Полковник поднял глаза.
— Дело в том, — продолжал дед, — что приближается главный еврейский праздник Песах. И в эти дни нам нельзя кушать общую пищу, только свою. Не ругайте нас, мы ничего плохого не хотим. Но – права не имеем. Вера не разрешает. Евреи не могут нарушить запрет веры.
— Так уж и не могут? – ухмыльнулся полковник.
— Не могут, — подтвердил дедушка.
— Вот же жестоковыйное племя! — даже с некоторым оттенком уважения отметил полковник. – И что делать предлагаешь?
— Понимаете, господин полковник, у нас впереди Иркутск, там есть еврейские купцы. Таким ходом добираться туда недели две или около того. Как раз к празднику должны быть. Если вы разрешите и дадите мне дорожные документы, то я сяду в пассажирский поезд, доберусь до Иркутска раньше вас, достану, что полагается, и встречу наш эшелон со всем необходимым.
Родители дали дедушке с собой немного денег, и он их берег на «особый случай», который вот и настал.
Полковник недоверчиво посмотрел на деда, вызвал дежурного офицера и велел выписать рядовому Горину «подорожную» и командировочные «на десять суток».
— Расписаться-то можешь? — спросил полковник.
— Так точно, ваше высокоблагородие, — рявкнул, совсем как русские, ошалевший от счастья дед, вытянувшись перед начальством.
— Молодец! – искренне похвалил полковник. — Службу знаешь! Приедем в часть, похлопочу, чтоб унтера дали… Хотя, ты ж на молитву строить не можешь… Ладно, иди. Всё равно молодец!
…Когда эшелон прибыл в Иркутск, его встречали две празднично наряженные подводы; на одной из них сидел мой дед в солдатской форме. А в подводах стояли 28 корзин с кошерной едой и вином. Даже миски новые не забыли положить тамошние единоверцы.
Вагон свой евреи накануне праздника драили как никогда, под каждую полку заглядывали, освободив от уборки остальных. Взводный подивился и головой покрутил: «Смотри-ка… И чего они там лазят? Будто ищут что-то…».
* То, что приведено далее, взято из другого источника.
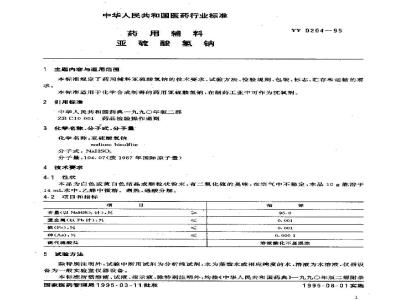 YY 0204-1995 药用辅料 亚硫酸氢钠
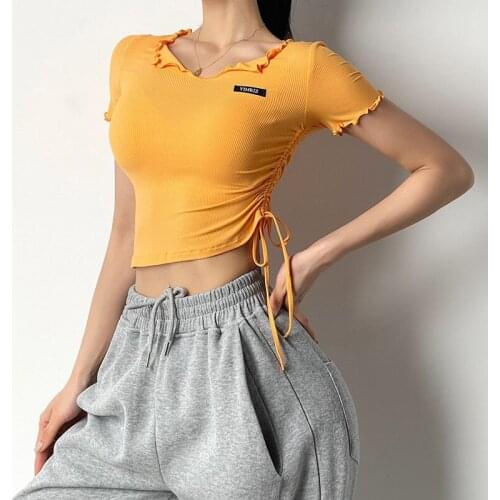 2021 Short Sleeve Sports Top Running Yoga Vest Sexy Yoga Shirt Women Tight Suit Quick Dry Sports Shirts Gym Top Fitness Clothing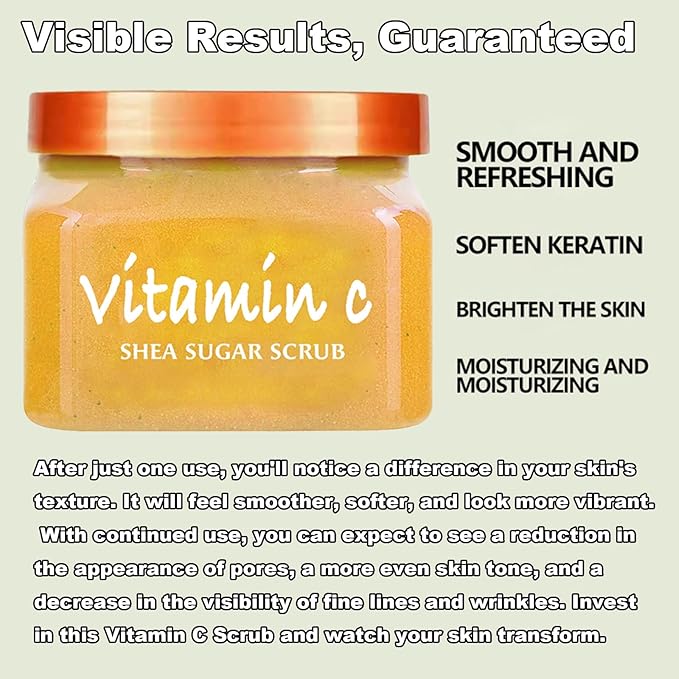 Facial Scrub Vitamin C Shea Sugar Scrub Ultra Hydrating and Exfoliating for Nourishing Essential Body Care Improves Acne Scars, Blackheads, Pore Size, and Skin Texture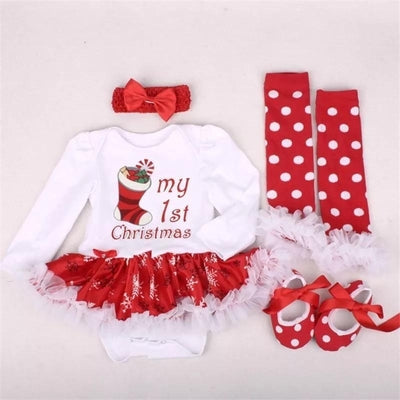 Baby Girl Dress Jumper Suit Footwear Socks Hairband Outfit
Дедушка рассказывал, что в первый седер у них в вагоне шел «пир горой», а их гойские товарищи с удовольствием угощались и вином, и закуской «от евреев». Дедушка утверждал, что поднимали четыре бокала. Но кто считал? Он уже был старенький, когда мне об этом говорил. Зато точно помнил, что песни пели и на идиш, и на русском, и на украинском, и на молдавском…
Когда уже все были в хорошем настроении… заглянул полковник. Дежурный офицер закричал «Смирно!», но тот махнул рукой, мол, пусть сидят. И, обернувшись к офицеру, тихо сказал: «Этих до утра не трогайте, — и наставительно, со знанием дела, добавил, подняв вверх палец: – У них праздник!» Дедушке показалось, что именно так он расслышал…
Ув. Марк! Благодарю от души за очень трогательный и поучительный рассказ о народной смекалке и находчивости в сохранении евр. традиций!И даже в таких трудных и чужеродных армейских условиях царской России!
Спасибо! Рад услышать о таких ощущениях.